Firstly, thank you, Serge, for responding with those test results and your writeup.
Does this correspond to my conclusion (from df measurements) that discerning them "needs very careful listening"?
About as careful as I'd expected--especially via desktop PC speakers in a room with a noisy bunch of fans in a PC case and a fan heater...
ABX tests are "torture tests." It was definitely easier than ABX'ing, for instance, 320kbps AAC with an uncompressed version. (Which I have done, and yes, I could. I think one of the tests I did was over 12 trials; I have the results somewhere. I used IEM's for those tests.)
I'd want to also do the other pairs--particularly, the "Original" and
"Softube Trident A-Range." Off the top of my head, I wouldn't necessarily bet on being able to tell the difference between those two in an ABX Test.
Here's the "Delta Waveform" plots from DeltaWave for the "Soft Clip" and "Softube Trident A-Range":
Once again, it can be seen that the "Soft Clip" process (top) has a much larger effect on transient peaks.
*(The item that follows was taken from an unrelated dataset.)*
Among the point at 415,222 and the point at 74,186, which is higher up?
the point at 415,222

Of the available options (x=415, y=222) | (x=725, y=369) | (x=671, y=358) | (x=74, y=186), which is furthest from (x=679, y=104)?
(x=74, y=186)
That's what to listen out for--it's what I listened for when presented with "X."
At least now you have an idea how audible is the difference in 1.3dB of df levels in case of similar artifact signatures (distance = 0.18dB). This will help us to draw conclusions for your other test items:
[snip...]
Similarity of their artifact signatures:
I'm afraid the "8-Bit Dither and Noise Shaping" result is invalid--as I mentioned, this was performed by a Reaper "JS Script" plug-in, and the noise shaping loop produced an output signal exceeding 0dBFS, which causes the plug-in to turn off its noise shaper. Presumably at 8-bits the noise shaper was unstable? Anyway, I used a version of the script that I'd modified to turn noise shaping back on in case of overs. It does this by waiting for a certain number of samples before doing so; I wrote it so I could use it on the Master bus without having to keep resetting the noise shaper in case of overs. (Usually 24-bit output, so that would be "my" fault for going over the Master bus rather than the noise shaper going off the rails...)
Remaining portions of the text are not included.